Proposed salary increases for elected officials lowered by Johnson County Board of Supervisors

Three supervisors agreed to lower the proposed salary increase of 10 percent for supervisors to 1.56 percent, 2.5 percent for the county attorney, and 1.88 percent for the county sheriff.


Matt Sindt

Chairperson Lisa Green-Douglass listens to speakers at the Johnson County Board of Supervisors meeting in the Johnson County Administration Building on Wednesday, Feb. 15, 2023. (Matt Sindt/The Daily Iowan)

Alejandro Rojas, News Reporter

The Johnson County Board of Supervisors unanimously approved a decrease to the proposed salaries for themselves and other elected officials during Wednesday’s work session.

County supervisors, treasurer, and auditor will receive a 1.56 percent salary increase, the county attorney will receive a 2.5 percent salary increase, and the sheriff will receive a 1.8 percent salary increase. 

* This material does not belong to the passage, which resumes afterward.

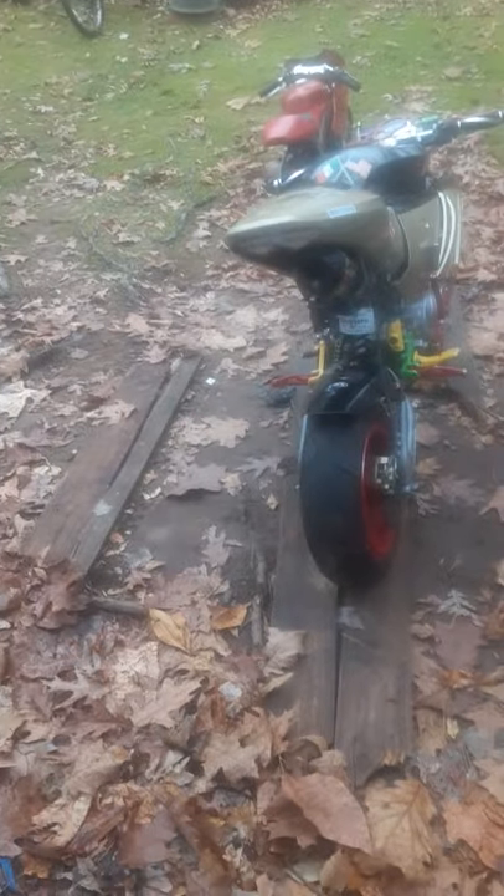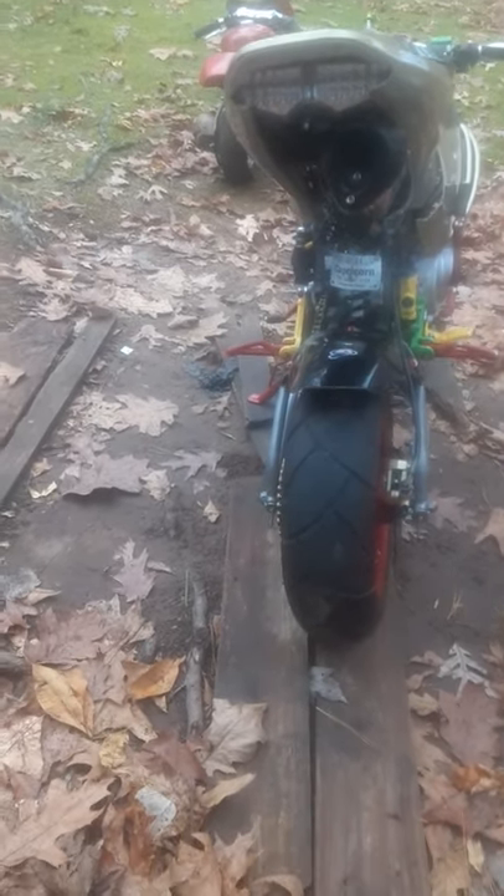It's pretty tall now, a lot taller. You can see the comparison — it's a lot taller. Everything I did to this bike we have for the other one too, so we're gonna work those out.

The previous salary recommendations came from the Johnson County Compensation Board at its meeting on Dec. 21, 2022, which were: 

  • A 16 percent increase for the county attorney
  • A 10 percent increase for the county auditor, recorder, treasurer, and supervisor
  • A 12 percent increase for the sheriff. 

RELATED: Johnson County Board of Supervisors lower proposed salary increases for elected officials

Vice-chair Rod Sullivan and supervisors Jon Green and V Fixmer-Oraiz approved the reductions. 

Chair Lisa Green-Douglass originally proposed lowering the increases to a quarter of each proposed number during the Wednesday meeting, and her proposal was supported by Supervisor Royceann Porter. 

Johnson County Compensation Board Chair Brian From said the proposed increases accounted for two things: the increase in the rise of living and a raise.

Last year, county supervisors approved a 2.25 percent increase for themselves and a 4.42 percent increase for all other elected officials including the county attorney, recorder, auditor, treasurer, and recorder. 

During the discussion on proposed salaries, Sullivan voiced frustration with how salaries are decided.

“The recommendation they give to us and the way in which you have to deal with it is if you cut the top one down to 2.5 [percent], obviously people are getting less than that or not getting 2.5 [percent],” Sullivan said.

Fixmer-Oraiz shared a similar sentiment.

“I think that across the board, it would be great if we could just all have a 2.5 [increase]. Obviously, that’s not the way the system is set up, and so it makes it difficult to try and then say, ‘the sheriff and the county attorney are gonna get more than that,’” they said. “That’s why it’s certainly difficult to make this decision.”

In Linn County, proposed increases were 12 percent for the county sheriff and attorney and 10 percent for all other elected officials. The increases there were to account for inflation and make the salaries competitive.

Fixmer-Oraiz also said they wanted to make reforms to the current system of how supervisors and officials are determined. Supervisors discussed holding a joint meeting between elected officials and the compensation board later this year, potentially as early as June or July.